Planning Instruction

Lesson plans are the infrastructure for learning, and designing them is a methodical and artistic process. It is important for me to walk into a classroom with an organized and cohesive lesson plan in hand. Whether I precisely follow it is questionable, but it at least is the initial scaffold for which knowledge emanates.

Prior to writing lesson plans, I set content and language objectives for activities. I aim to make them clear, observable and measurable. For example, I avoid using the verb understand in my objectives as the word does not measure what students will be able to do by the end of a lesson. Instead, I use Bloom’s taxonomy of measurable verbs as a guide for writing objectives which require students to demonstrate critical thinking.

My lessons are divided into pre-, during- and post-activities that work together as cohesive lessons. I design pre-activities that motivate students for the during- and post- activities. These usually include group or class discussion questions, a short movie clip and/or a discussion on a topic and how it connects to students’ lives.
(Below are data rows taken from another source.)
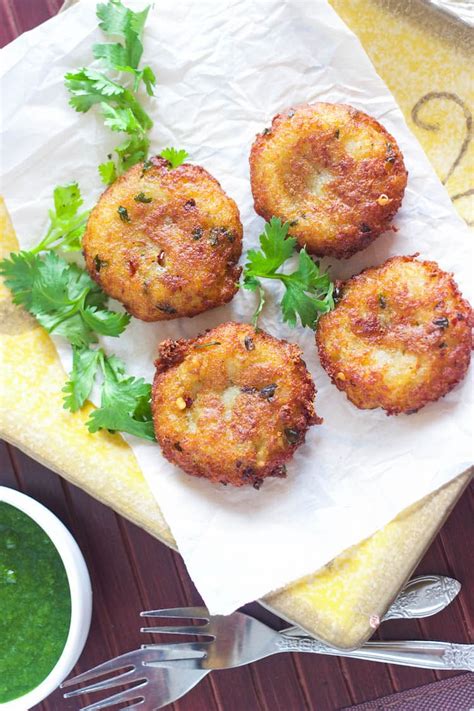 Crispy Aloo Tikkis Potato Tikkis With Green Chutney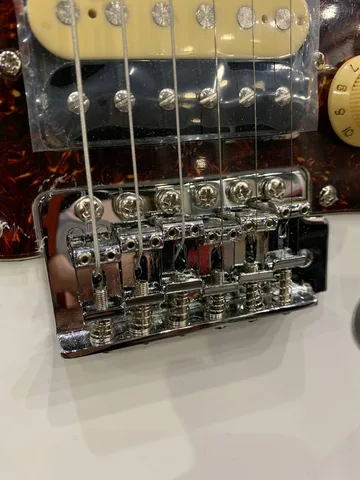 Электрогитара аналог Fender + Цифровой Комбик-Процессор (комплект)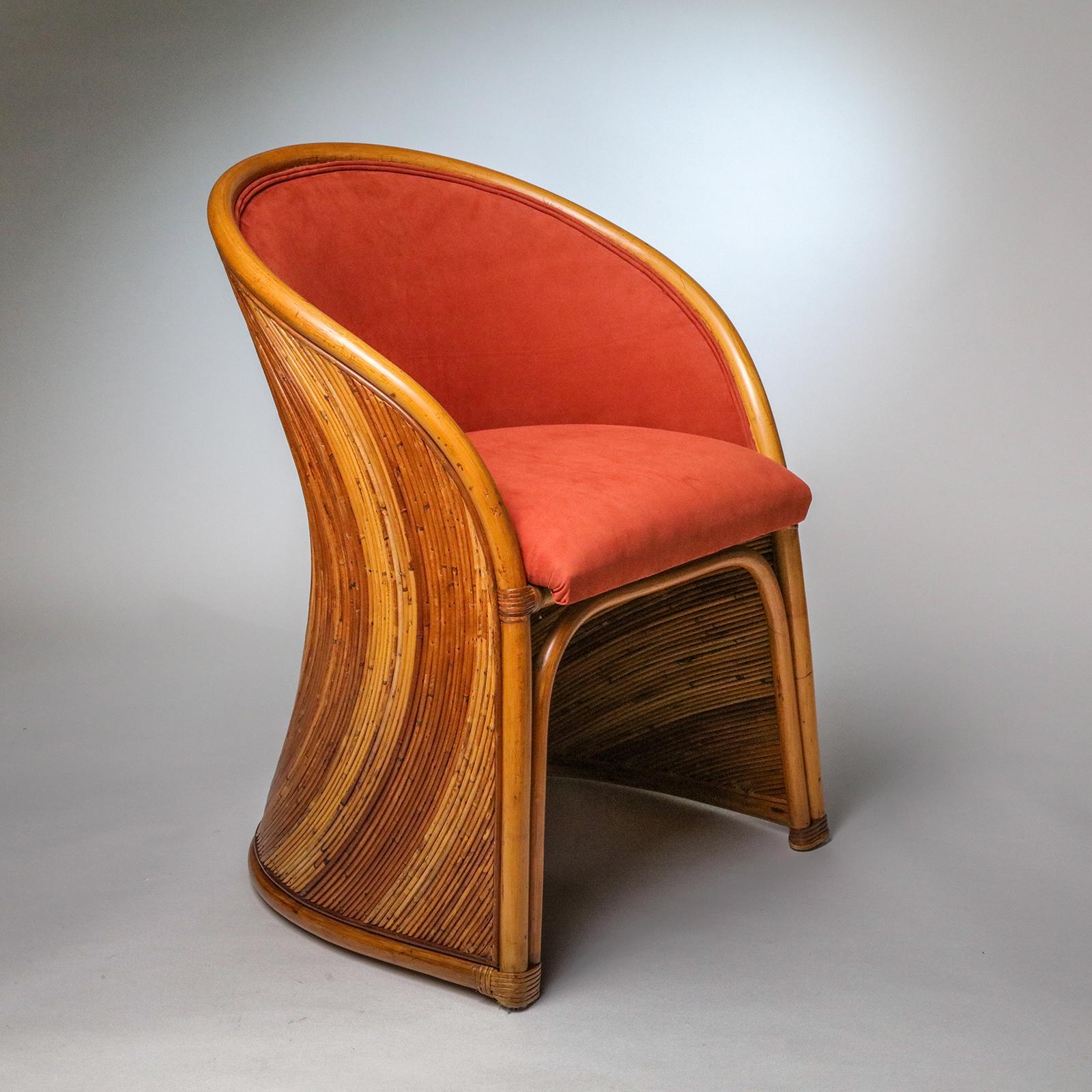 Daim Paire de chaises barriques en vente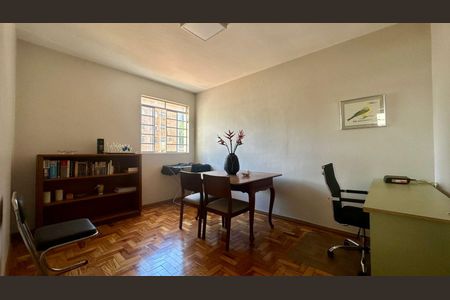 Quarto  de apartamento à venda com 2 quartos, 62m² em São Pedro, Belo Horizonte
For example, in a lesson on fortune telling, my students discussed in groups (1) different ways to tell fortunes, and (2) past experiences they have had or stories they have heard about visiting a fortune teller. I design interactive and out-of-seat during-activities that specifically target language and content objectives. These usually comprise the bulk of my lessons. Finally, I use “exit-tickets” or a short class discussion as a post-activity to assess which objectives, or learning outcomes, students mastered.

To maximize learning, I provide students with authentic texts and incorporate individual and group work. For example, in my California State and National Parks lesson I presented a collection of park brochures, such as Julia Pfeiffer Burns, Castle Rock, Death Valley, and Joshua Tree. I consciously chose these State and National Parks to make students aware of the natural resources close to their home. I believe student engagement outside the classroom increases motivation, and provides opportunities for them to broaden their lexicon in a less controlled, but more realistic, environment.

Each student brings a different learning style to the classroom. To cater to introvert and extrovert personalities, I manage activities with a mix of individual, pair, group and classroom work. Using such think, pair, share activities gives students time to think critically on their own before negotiating meaning with partners or as a class. Furthermore, pair and group work provide students with opportunities to communicate free from the pressure of speaking in front of the class. In a lesson I taught on staying healthy, I incorporated several activities requiring students to work in pairs before opening the class up for discussion. For example, as a pre-activity, students discussed the meaning of “staying healthy” in pairs before defining it as a class. In a post-activity, students discussed the pros and cons of different food pyramid representations. After they identified their pyramid’s strengths and weaknesses, they presented them to the class, discussing how closely their own diets followed the depicted guidelines.

Not allocating enough time for classroom activities was one of my weaknesses while executing my practicum teaching hours at the Pacific Grove Adult School. Throughout the progression of my practicum teaching, I used the feedback from my professor to plan better quality instruction. I designed fewer, but more in-depth and scaffolded, activities for students to execute well. For example, in my lesson on Conserving Water I consciously cut the lesson’s activities by half, and modeled them by pre-teaching vocabulary. This gave students an opportunity to ask questions and more deeply explore the lesson’s topic.